Other quilts were donated to the Women's Refuge.

The two eager quilters were awarded Queen's Service Medals for services to prisoner rehabilitation programmes.

"We love making quilts... we are not do-gooders. Rehabilitation is a spin-off," Ms Forbes said.

But they know the quilting programme teaches the inmates more than just making quilts.

"What we do is share a skill," Ms Forbes said. "The primary thing is that we share that skill.

"We pass on those skills, but through that interaction they gain other skills as well."

Co-operation, planning, compromise, perseverance and even mathematics were collateral benefits of the quilting programme, she said.

The quilters said such attributes were essential to the success of Shut in Stitchers, the longest running volunteer programme in a New Zealand prison.

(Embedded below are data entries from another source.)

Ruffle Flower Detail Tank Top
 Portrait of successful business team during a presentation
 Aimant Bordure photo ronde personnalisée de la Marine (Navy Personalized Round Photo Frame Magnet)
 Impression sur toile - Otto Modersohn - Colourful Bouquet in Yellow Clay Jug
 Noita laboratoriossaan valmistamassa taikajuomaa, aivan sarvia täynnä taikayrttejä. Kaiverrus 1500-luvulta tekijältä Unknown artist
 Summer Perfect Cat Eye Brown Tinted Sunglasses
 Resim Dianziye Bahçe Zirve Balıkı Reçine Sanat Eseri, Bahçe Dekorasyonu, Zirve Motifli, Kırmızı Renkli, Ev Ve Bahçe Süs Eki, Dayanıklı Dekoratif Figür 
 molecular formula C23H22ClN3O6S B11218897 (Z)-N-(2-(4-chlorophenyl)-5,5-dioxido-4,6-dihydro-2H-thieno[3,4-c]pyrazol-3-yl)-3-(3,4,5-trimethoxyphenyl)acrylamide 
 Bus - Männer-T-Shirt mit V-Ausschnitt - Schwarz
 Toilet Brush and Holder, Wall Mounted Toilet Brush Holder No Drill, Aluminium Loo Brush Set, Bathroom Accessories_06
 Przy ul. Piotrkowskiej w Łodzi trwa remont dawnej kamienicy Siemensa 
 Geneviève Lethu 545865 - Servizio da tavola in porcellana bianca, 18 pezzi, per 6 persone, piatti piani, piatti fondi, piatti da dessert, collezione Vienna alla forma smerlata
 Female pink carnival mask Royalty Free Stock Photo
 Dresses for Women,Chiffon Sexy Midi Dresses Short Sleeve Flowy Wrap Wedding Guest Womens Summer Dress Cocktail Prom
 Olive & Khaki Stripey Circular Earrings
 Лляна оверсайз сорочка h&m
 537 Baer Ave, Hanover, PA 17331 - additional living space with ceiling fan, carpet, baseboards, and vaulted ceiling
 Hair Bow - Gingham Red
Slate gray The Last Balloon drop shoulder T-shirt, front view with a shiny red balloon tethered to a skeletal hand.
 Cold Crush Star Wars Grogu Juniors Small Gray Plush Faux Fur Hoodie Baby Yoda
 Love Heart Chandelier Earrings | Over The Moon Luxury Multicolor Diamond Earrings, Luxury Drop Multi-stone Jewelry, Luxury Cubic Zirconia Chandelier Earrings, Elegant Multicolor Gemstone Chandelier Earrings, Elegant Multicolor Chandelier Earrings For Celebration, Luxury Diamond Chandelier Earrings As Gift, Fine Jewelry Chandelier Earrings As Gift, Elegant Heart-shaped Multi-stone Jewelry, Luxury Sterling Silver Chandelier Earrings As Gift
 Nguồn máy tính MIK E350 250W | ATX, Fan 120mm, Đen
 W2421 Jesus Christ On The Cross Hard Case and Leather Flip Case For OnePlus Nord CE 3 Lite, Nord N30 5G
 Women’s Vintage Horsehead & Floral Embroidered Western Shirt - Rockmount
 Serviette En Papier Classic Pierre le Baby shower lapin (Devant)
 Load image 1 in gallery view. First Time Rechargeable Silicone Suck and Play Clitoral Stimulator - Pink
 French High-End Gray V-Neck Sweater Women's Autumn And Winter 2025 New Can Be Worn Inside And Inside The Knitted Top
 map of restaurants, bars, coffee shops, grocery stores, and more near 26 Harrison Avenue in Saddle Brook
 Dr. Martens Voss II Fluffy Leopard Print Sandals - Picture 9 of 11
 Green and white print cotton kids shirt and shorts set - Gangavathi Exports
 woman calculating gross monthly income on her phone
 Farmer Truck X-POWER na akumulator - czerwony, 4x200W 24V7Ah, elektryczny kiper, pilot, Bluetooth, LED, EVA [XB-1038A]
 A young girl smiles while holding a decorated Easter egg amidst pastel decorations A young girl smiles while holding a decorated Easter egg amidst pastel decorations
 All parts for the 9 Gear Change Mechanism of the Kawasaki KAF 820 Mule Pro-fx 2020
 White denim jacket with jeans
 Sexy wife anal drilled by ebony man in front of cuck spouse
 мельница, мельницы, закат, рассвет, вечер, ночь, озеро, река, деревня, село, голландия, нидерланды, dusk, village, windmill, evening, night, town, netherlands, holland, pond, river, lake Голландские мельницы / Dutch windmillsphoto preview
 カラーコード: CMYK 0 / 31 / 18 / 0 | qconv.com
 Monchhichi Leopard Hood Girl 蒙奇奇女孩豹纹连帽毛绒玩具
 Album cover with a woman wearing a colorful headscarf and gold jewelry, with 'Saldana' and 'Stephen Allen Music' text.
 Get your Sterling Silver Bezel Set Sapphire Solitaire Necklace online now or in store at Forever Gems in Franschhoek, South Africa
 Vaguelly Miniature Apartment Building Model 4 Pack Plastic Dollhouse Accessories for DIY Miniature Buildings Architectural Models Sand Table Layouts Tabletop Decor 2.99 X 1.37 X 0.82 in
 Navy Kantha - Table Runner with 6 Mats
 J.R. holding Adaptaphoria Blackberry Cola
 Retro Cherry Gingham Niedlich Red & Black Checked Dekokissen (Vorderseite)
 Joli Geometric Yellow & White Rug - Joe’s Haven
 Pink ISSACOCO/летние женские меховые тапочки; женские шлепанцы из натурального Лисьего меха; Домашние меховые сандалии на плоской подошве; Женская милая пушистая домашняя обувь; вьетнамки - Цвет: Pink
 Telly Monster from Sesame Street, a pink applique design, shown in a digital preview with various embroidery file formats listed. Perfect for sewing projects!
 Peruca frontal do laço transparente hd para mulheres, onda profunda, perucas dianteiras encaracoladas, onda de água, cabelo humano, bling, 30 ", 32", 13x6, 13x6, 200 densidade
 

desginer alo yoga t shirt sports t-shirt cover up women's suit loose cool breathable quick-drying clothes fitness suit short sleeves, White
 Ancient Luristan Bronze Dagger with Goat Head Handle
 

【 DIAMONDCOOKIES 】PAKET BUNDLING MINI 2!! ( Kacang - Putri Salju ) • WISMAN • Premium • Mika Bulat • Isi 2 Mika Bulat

Mrs Nixey and Ms Forbes said that initially they were nervous teaching the prisoners, whose sentences range from short-term to life imprisonment.

They said they had seen their fair share of angry outbursts - unstitching an unsatisfactory quilt could do that to a person, Mrs Nixey said.

Many of the women who attend the programme are recovering from drug abuse, and some have been victims of physical abuse and are undergoing intense counselling.

Shut In Stitchers has an unwritten policy of not asking about the inmates' crimes, but that does not stop some of the women from confiding in their quilting tutors.

"It is the colour and the fabrics that break down the barriers," Ms Forbes said. "[They] give the women the opportunity to be creative, an opportunity some of them have never had."

Mrs Nixey helped found the programme, which began as a six- week quilting course. She said that after the first day "we came outside, looked at each other and said, 'Who had more fun?"'

Ms Forbes' involvement in the programme came when Shut In Stitchers was donated a load of cotton-knit fabric. Though unsuitable for quilting, the fabric was ideal for making knickers.

So she volunteered to teach the Arohata women how to make themselves knickers, and ended up sticking around.

A similar Shut in Stitchers programme has now been set up at Auckland Women's' Prison and another has been proposed for Christchurch Women's Prison.